◆ WHAT YOU SHOULD DO ◆
Go line by line through the data below, counting each one that has "Benz", and give the final count only.

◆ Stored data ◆

━━━━━━━━

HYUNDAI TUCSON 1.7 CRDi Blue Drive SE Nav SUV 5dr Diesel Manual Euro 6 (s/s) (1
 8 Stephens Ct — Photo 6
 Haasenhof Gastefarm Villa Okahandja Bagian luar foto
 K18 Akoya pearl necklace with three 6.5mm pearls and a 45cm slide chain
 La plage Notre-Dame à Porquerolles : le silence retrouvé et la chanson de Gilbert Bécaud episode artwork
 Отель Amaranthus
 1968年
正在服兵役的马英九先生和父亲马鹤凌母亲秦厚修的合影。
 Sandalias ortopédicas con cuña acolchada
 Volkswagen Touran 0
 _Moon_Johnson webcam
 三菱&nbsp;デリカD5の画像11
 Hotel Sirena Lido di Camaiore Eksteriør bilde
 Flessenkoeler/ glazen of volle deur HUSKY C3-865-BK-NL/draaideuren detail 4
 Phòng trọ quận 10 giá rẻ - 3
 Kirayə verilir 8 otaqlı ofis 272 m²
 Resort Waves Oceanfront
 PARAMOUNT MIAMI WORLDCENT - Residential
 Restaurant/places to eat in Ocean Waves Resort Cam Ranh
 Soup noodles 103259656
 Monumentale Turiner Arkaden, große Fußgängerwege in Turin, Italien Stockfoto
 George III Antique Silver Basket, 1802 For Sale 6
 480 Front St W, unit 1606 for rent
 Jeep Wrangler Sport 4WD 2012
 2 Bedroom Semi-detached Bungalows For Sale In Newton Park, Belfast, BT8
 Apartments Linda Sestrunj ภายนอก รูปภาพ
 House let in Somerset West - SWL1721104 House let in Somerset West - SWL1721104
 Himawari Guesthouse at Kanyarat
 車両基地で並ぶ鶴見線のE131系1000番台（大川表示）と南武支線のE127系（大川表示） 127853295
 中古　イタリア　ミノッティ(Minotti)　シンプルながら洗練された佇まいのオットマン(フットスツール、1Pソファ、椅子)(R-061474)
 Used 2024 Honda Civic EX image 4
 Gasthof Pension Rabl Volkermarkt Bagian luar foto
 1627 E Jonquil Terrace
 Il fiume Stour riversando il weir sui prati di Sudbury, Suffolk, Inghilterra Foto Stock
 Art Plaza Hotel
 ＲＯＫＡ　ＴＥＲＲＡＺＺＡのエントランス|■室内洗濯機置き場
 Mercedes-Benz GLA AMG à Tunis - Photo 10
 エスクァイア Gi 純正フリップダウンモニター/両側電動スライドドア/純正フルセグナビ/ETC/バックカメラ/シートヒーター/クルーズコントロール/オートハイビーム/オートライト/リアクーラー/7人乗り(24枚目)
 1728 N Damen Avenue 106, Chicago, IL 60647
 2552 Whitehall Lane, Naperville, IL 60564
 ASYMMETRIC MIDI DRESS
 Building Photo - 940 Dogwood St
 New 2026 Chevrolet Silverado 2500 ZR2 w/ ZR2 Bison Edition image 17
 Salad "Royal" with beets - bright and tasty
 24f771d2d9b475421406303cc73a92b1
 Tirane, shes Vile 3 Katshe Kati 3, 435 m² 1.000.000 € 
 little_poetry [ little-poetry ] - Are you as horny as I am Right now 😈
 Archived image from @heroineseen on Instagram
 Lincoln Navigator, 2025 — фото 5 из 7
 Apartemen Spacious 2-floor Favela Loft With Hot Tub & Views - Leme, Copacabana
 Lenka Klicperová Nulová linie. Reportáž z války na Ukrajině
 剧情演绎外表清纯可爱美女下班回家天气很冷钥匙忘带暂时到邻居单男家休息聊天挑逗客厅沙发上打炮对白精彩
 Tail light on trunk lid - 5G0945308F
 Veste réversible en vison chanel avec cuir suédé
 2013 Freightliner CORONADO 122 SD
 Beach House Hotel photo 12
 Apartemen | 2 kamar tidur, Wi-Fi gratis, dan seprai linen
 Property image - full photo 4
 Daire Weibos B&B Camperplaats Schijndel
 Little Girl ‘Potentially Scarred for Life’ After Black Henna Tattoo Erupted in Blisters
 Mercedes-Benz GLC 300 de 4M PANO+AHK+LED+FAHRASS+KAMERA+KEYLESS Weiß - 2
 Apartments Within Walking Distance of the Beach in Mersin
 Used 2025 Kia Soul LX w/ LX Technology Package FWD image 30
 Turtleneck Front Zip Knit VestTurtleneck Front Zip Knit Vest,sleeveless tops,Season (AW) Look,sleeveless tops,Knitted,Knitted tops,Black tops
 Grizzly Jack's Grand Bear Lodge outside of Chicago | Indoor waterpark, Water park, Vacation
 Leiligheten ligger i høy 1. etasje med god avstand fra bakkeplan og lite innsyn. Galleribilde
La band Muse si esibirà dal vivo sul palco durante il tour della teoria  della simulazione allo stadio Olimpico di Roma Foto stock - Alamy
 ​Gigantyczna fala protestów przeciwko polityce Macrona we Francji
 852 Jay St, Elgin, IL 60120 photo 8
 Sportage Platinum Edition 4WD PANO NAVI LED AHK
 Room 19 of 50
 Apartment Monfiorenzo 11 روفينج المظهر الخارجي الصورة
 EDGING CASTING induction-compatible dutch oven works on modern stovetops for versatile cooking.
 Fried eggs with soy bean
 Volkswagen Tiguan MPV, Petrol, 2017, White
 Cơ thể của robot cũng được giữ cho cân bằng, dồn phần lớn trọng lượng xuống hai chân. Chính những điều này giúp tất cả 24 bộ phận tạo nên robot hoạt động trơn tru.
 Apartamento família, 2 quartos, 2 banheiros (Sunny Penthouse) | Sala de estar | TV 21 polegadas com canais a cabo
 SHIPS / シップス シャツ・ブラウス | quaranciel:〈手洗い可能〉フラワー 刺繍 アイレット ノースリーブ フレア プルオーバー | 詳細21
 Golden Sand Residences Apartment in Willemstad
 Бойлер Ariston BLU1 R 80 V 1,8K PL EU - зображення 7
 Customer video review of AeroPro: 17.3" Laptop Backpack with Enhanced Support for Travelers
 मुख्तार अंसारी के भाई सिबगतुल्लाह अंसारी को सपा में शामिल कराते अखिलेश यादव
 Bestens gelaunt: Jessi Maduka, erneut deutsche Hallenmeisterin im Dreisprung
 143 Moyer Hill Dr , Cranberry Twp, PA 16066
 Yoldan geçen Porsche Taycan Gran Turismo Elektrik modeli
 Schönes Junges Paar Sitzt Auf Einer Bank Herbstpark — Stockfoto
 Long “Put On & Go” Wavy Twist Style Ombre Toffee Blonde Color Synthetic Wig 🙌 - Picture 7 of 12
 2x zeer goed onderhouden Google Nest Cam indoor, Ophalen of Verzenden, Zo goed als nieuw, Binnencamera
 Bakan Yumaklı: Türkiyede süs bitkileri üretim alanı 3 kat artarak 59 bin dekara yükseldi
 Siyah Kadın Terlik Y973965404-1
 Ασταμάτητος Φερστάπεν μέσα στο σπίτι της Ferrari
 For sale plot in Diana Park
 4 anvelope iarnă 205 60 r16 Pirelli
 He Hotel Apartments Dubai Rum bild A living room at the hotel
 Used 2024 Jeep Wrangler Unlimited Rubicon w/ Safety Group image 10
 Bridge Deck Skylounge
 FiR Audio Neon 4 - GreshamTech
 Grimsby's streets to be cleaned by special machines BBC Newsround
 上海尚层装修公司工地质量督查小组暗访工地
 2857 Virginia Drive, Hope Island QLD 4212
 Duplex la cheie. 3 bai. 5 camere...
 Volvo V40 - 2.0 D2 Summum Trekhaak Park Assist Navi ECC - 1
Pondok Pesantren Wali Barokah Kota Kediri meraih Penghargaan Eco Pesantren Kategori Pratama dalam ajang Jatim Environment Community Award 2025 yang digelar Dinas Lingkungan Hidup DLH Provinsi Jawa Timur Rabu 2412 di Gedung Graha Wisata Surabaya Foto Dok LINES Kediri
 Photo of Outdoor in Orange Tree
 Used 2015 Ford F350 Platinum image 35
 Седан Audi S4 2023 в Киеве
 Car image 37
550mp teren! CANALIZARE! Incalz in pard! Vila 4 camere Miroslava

━━━━━━━━

◆ OUTPUT BELOW ◆
2